Oaxaca bleibt weiter unruhig

Mexikos Zentralregierung setzt den umstrittenen Gouverneur des Bundesstaates unter Druck. Die Aufständischen wollen sich als politische Organisation konstituieren

MEXIKO-STADT taz ■ Ulises Ruiz soll beweisen, dass er Oaxaca regieren kann, oder soll sein Amt abgeben. Mit dieser Forderung machte Mexikos Bundesinnenministerium am Wochenende Druck gegen den umstrittenen Gouverneur des südmexikanischen Bundesstaates. Zudem werde die Bundesregierung in absehbarer Zeit die Polizeikräfte aus der gleichnamigen Landeshauptstadt wieder abziehen.

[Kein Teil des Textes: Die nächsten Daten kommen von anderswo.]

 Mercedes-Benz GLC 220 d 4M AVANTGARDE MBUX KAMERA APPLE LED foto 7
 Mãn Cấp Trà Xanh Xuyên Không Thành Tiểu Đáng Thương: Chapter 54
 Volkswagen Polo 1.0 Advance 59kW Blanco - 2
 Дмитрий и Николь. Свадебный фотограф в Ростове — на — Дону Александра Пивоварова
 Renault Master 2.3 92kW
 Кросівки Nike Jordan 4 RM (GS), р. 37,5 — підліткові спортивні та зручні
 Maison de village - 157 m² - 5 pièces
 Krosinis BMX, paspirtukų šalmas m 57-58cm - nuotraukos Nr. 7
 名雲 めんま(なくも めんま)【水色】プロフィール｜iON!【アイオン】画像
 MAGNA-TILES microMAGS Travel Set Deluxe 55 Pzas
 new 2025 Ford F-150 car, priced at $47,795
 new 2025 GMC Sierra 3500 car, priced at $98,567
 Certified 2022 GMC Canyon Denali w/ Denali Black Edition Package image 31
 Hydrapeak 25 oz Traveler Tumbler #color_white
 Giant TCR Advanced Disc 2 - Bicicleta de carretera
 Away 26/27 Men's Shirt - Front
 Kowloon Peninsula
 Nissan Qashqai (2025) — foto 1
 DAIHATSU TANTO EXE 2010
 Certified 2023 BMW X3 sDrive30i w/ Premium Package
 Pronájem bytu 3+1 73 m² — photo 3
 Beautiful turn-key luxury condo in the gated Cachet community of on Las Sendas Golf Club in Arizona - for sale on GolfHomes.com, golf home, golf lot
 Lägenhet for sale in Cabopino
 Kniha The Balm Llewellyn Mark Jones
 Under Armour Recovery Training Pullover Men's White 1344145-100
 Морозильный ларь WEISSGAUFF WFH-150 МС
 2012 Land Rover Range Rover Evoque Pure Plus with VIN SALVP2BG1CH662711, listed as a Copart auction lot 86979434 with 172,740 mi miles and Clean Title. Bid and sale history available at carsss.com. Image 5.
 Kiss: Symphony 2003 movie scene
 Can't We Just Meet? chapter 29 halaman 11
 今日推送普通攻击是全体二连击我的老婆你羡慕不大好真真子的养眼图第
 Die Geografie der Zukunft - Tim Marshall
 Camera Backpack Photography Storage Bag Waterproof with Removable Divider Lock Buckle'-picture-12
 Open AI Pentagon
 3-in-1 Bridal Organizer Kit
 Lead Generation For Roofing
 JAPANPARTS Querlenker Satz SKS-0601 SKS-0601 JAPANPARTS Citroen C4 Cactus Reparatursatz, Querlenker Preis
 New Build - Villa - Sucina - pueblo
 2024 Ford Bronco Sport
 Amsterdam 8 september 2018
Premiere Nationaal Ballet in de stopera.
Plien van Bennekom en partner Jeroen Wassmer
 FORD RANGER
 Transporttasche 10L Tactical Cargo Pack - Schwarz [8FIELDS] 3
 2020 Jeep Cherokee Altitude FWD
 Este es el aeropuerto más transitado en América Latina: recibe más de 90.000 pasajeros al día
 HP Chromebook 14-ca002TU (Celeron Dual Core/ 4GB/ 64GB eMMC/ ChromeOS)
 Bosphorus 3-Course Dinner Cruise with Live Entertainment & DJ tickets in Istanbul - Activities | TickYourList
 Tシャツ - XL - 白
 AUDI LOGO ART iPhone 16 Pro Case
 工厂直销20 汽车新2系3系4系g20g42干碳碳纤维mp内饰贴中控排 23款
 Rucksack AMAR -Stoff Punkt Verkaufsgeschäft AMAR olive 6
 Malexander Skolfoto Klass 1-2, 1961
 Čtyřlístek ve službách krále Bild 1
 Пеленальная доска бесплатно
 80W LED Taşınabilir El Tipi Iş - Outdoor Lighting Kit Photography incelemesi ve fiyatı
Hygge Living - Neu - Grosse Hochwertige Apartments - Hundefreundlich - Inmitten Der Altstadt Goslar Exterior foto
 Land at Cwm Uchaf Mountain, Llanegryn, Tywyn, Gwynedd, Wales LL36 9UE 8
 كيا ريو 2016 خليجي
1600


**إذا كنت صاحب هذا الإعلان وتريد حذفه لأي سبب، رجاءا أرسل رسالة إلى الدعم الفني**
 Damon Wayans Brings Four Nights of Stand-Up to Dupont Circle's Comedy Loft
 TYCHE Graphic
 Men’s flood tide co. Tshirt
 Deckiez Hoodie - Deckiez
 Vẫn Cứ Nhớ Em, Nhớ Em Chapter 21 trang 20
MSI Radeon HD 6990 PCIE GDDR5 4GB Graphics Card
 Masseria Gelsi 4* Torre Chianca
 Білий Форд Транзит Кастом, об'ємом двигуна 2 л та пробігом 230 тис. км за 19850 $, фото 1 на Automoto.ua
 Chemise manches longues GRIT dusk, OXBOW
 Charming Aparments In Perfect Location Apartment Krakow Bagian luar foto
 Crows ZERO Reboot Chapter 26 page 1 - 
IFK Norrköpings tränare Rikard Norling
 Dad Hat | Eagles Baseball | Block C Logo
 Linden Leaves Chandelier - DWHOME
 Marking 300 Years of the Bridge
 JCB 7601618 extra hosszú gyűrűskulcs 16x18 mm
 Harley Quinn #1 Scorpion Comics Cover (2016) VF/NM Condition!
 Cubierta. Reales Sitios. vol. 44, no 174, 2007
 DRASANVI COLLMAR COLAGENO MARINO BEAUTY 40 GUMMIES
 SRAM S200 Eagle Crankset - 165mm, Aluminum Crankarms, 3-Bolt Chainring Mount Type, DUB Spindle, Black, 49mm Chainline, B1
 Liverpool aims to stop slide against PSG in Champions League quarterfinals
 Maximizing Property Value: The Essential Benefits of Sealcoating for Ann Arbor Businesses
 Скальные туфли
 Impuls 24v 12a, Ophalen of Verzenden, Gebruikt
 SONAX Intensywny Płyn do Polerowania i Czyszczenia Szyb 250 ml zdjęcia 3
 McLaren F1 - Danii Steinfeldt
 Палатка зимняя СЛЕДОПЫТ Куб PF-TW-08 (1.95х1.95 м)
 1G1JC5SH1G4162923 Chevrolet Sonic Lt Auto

Zugleich ist sie dabei, einen Wirtschaftsplan auszuarbeiten, mit dem die soziale Situation in dem verarmten Bundesstaat verbessert werden soll.

Die Aufständischen, die über Monate hinweg Oaxaca-Stadt kontrollierten, trafen sich indes dort zu einem konstituierenden Kongress. Rund 900 Vertreter linker, gewerkschaftlicher und indigener Gruppen diskutierten darüber, wie man die bislang als Bewegung organisierte „Versammlung der Bevölkerung Oaxacas“ (Appo) in eine politische Organisation überführen kann. Begleitet wurde das Treffen von zahlreichen Solidaritätsaktionen im In- und Ausland. In Mexiko-Stadt demonstrierten 8.000 Menschen zur Unterstützung der Appo-Aktivisten, und auch der Präsident der gemäßigt linken Partei der Demokratischen Revolution (PRD), Leonel Cota, kündigte Straßenblockaden zur Unterstützung der Appo an. Die Forderung: Weg mit Ulises Ruiz.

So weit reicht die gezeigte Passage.